The collapse of the Soviet Bloc, globalization and the breakneck speed of technological and communications developments killed off the ideologies that had determined the past century. These same forces grant great power to each group and every individual.

It will be interesting to see the academic studies on the impact of Trump’s tweets on the election, as these brief comments jumped unrefined out of the candidate’s brain at any time of day or night and found millions of receptive readers. Not everyone’s tweets or posts will influence anyone, but this is probably the first time that one person can express himself in such a direct, blunt and sometimes unhinged way and influence so many others immediately. Till now, initial thoughts developed over many years before swaying multitudes; obstacles and new questions that needed answering either strengthened them or killed them.

When technology allows us to immediately reject whatever we do not like, this is not ideology at work. When we can laud or damn people or events according to our own interests – when we see Fidel Castro only as a revolutionary hero or as a dictator – we do so according to our own interpretation of things, that which makes us feel justified in our rage or our choices. Because so many of us are doing this at the same time, all day, the field of ideas is broken up, full of noise, images and feelings; it is nothing but an endless, drifting cloud of memories and desires. In this fallout, more and more people seek safety in those who appear most decisive in their aim to achieve power.

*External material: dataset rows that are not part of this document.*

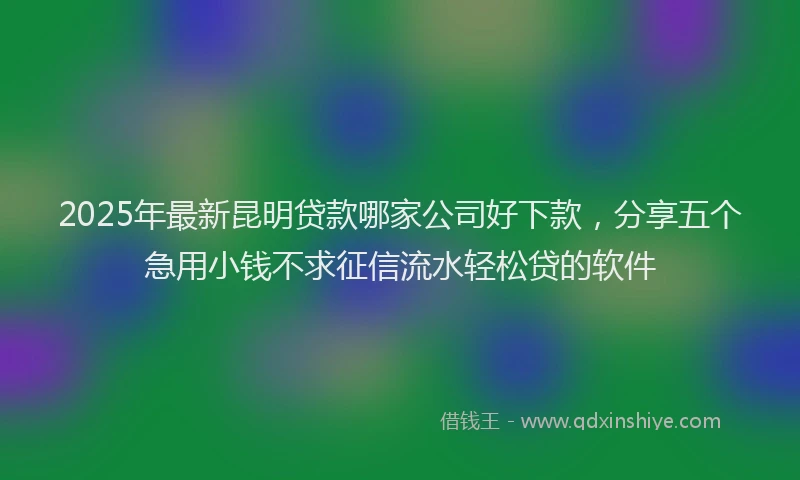 2025年最新昆明贷款哪家公司好下款，分享五个急用小钱不求征信流水轻松贷的软件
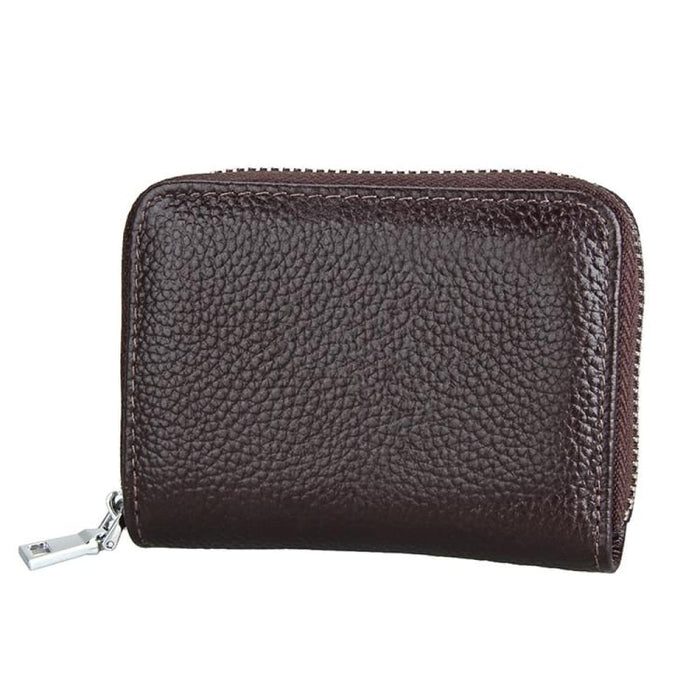 Rfid Antimagnetic Leather Zipper Wallet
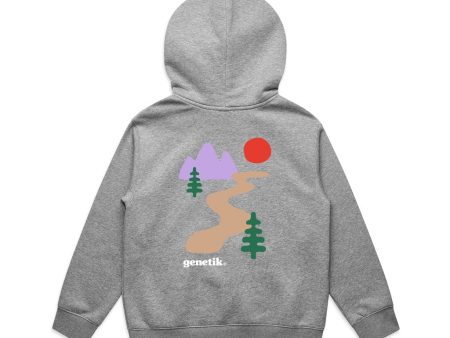 Youth Hoodie Genetik Trails - Heather Grey For Sale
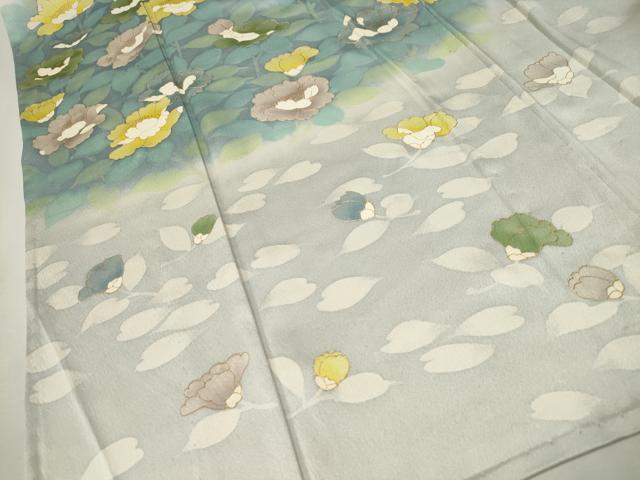 平和屋着物▽訪問着 単衣 草花文 暈し染め 金彩 正絹 逸品 CAAT0800dy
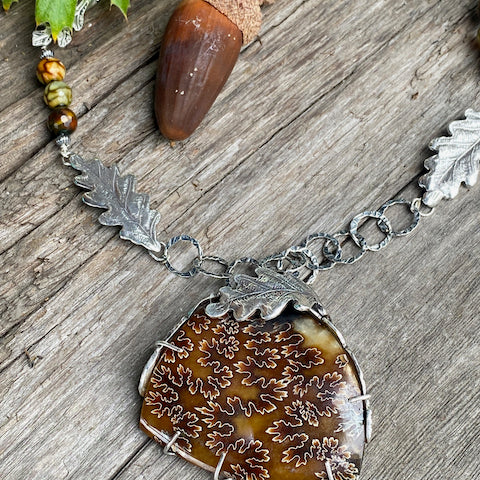 Fossilized Ammonite Sterling Silver Statement Necklace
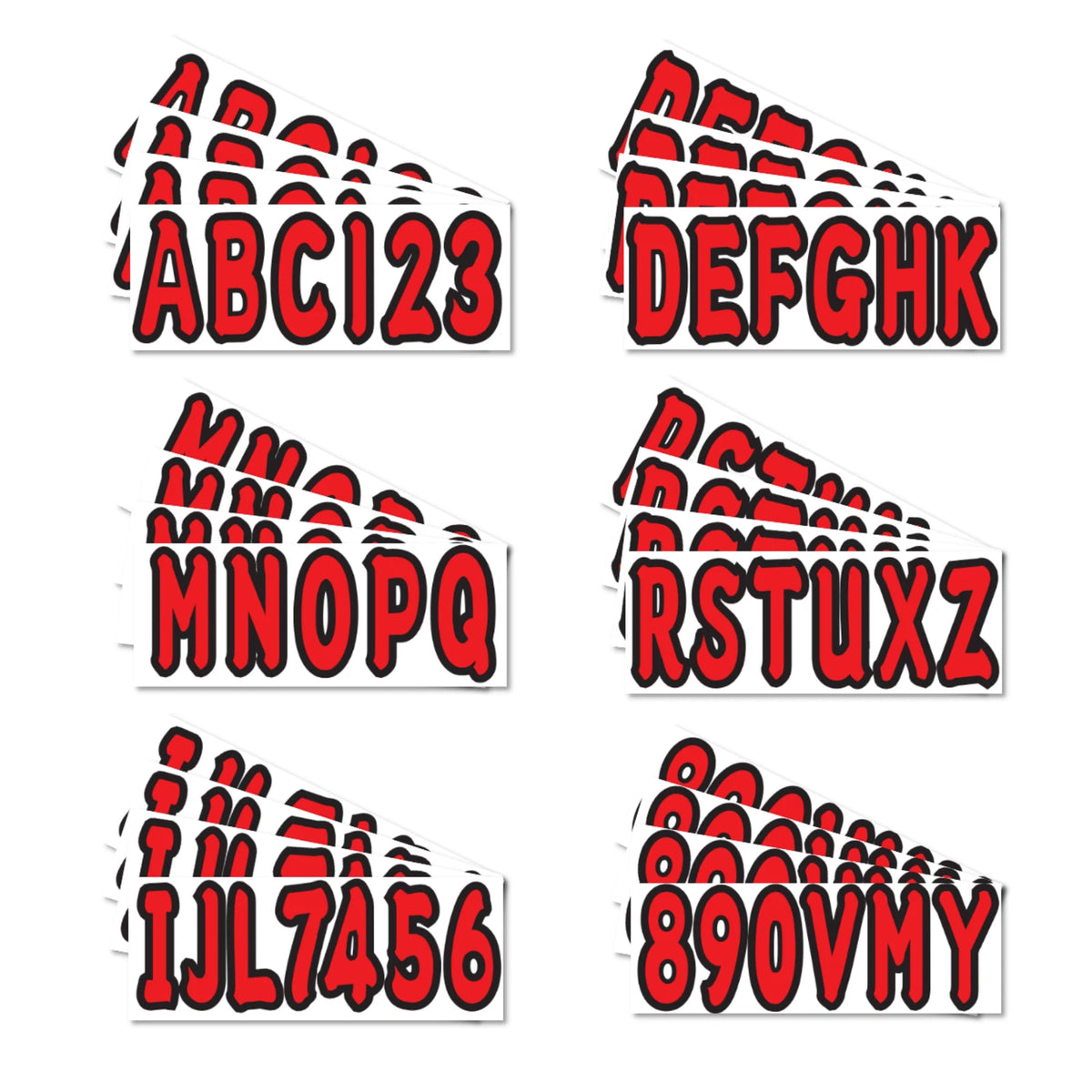 Set of 4 Red Identification Numbers Decal Registration A-Z & 0-9 for Boat & PWC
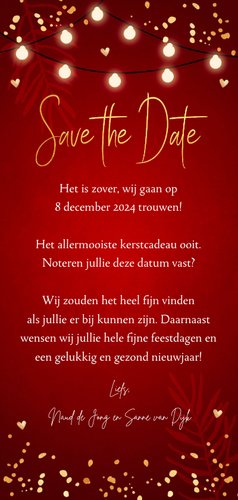 Kerstkaart Save the Date rood confetti goudlook Achterkant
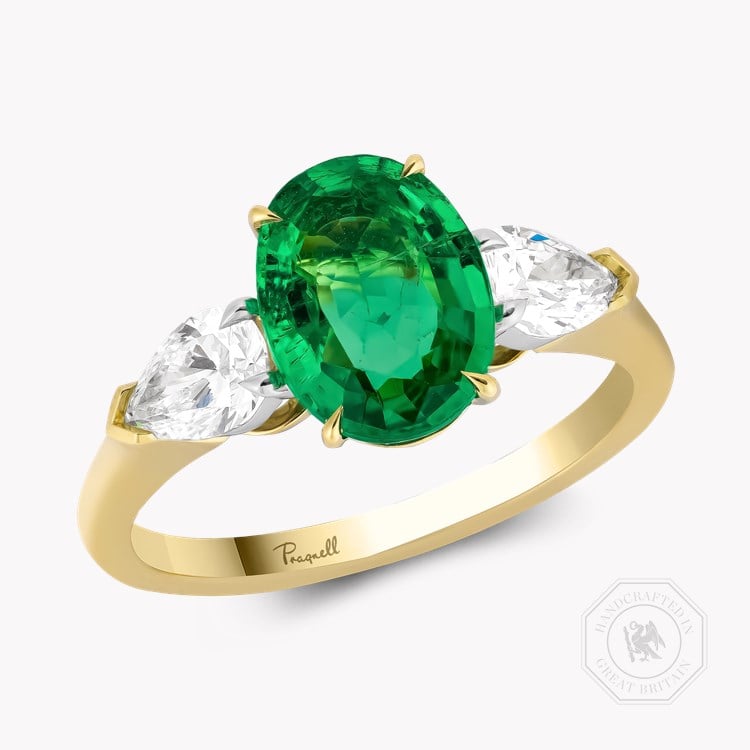 Oval Cut 1.60ct Emerald and Diamond Ring    in 18ct Yellow Gold and Platinum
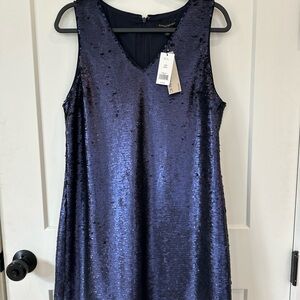 Banana Republic Petites Blue Sequin Sheath Mini Dress V-Neck Cocktail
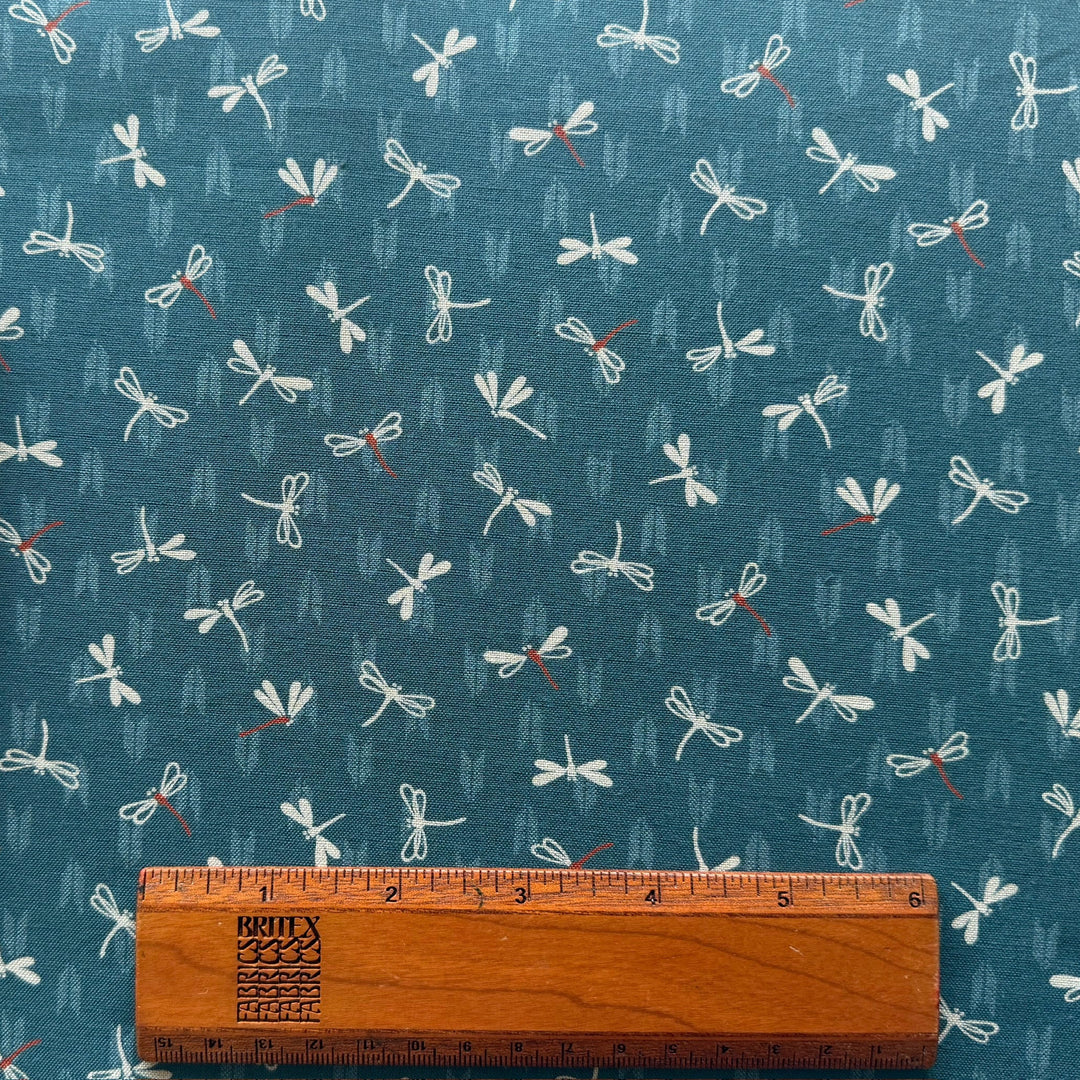 Kasuri Dragonflies & Arrows Muted Persian Turquoise Quilting Cotton (Made in Japan)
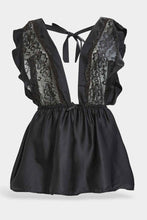 Load image into Gallery viewer, طقم فستان بيبي دول دانتيل باللون الأسود للنساء (قطعتين)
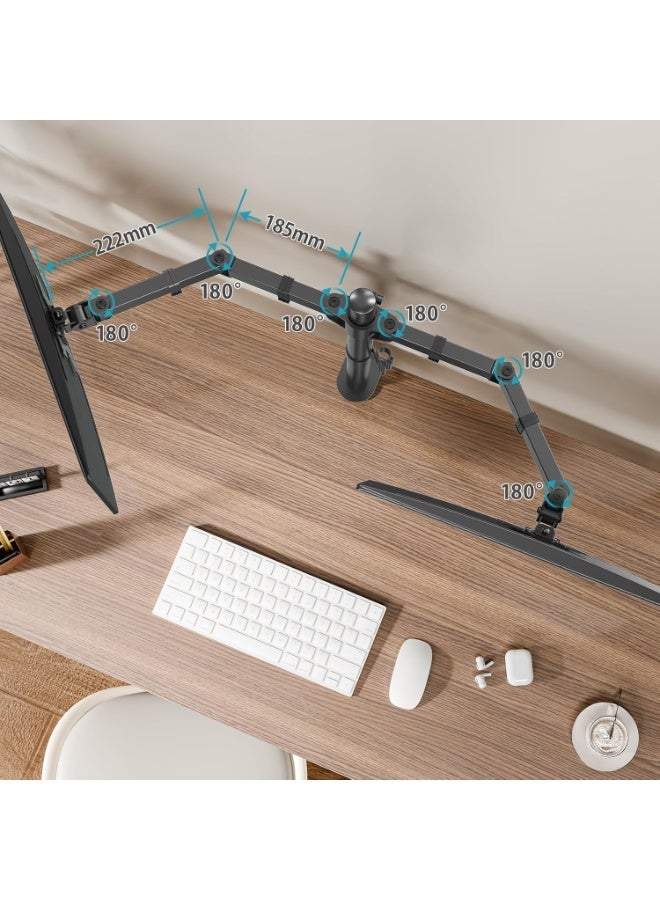 Desktop stand for two monitors, adjustable vertical stand for 13-27 inch monitors with display arm and clamp mounting accessory - Image 2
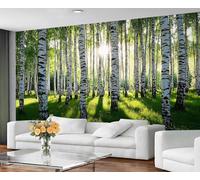 GIVLWF Wallpaper Birch Forest Large Mural & Room Decor, Spring Forest Bedroom Wallpaper, Natural Wall Paper for Living Room, Non-Self-Adhesive, Murals for Walls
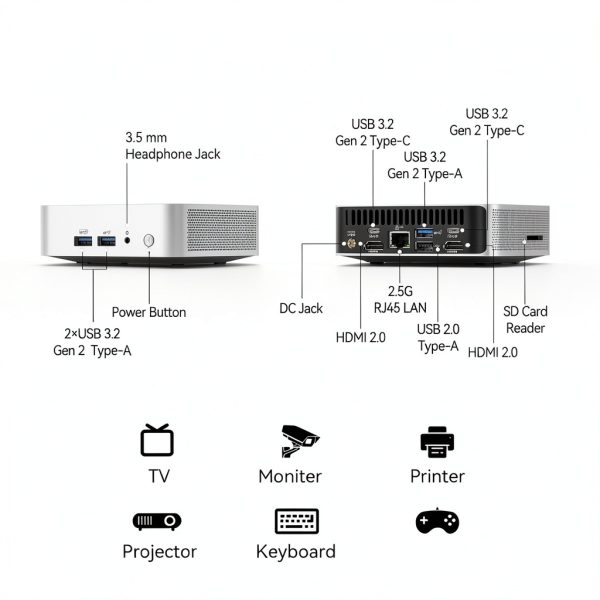 GEEKOM A5 Pro Mini PC AMD Ryzen 5 7530U 16GB RAM 1TB SSD-8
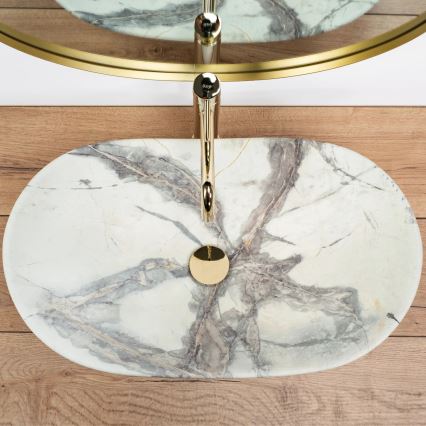 REA-U6502 - Lavatório de bancada ROYAL 36x60,5 cm cerâmica / acabamento em mármore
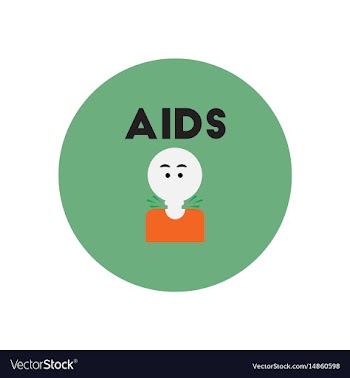 Icon on circle various symptoms of aids vector image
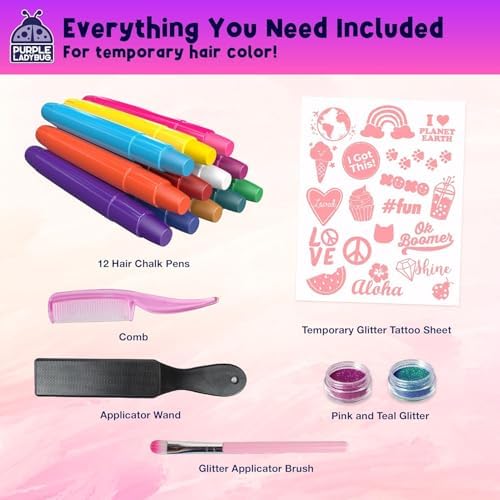 Hypoallergenic temporary hair color kit contents including body glitter and glitter tattoos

This “ideology” of the strong dominating the rest is a driving force of politics and can either strengthen democracy (when institutions fight back) or destroy it.

In Greece we are not looking for a strongman. We seek only what is now the luxury of being able to think, to live beyond today. And whereas citizens have become beggars for a little stability, our politicians still strut about like generals in mighty ideological wars.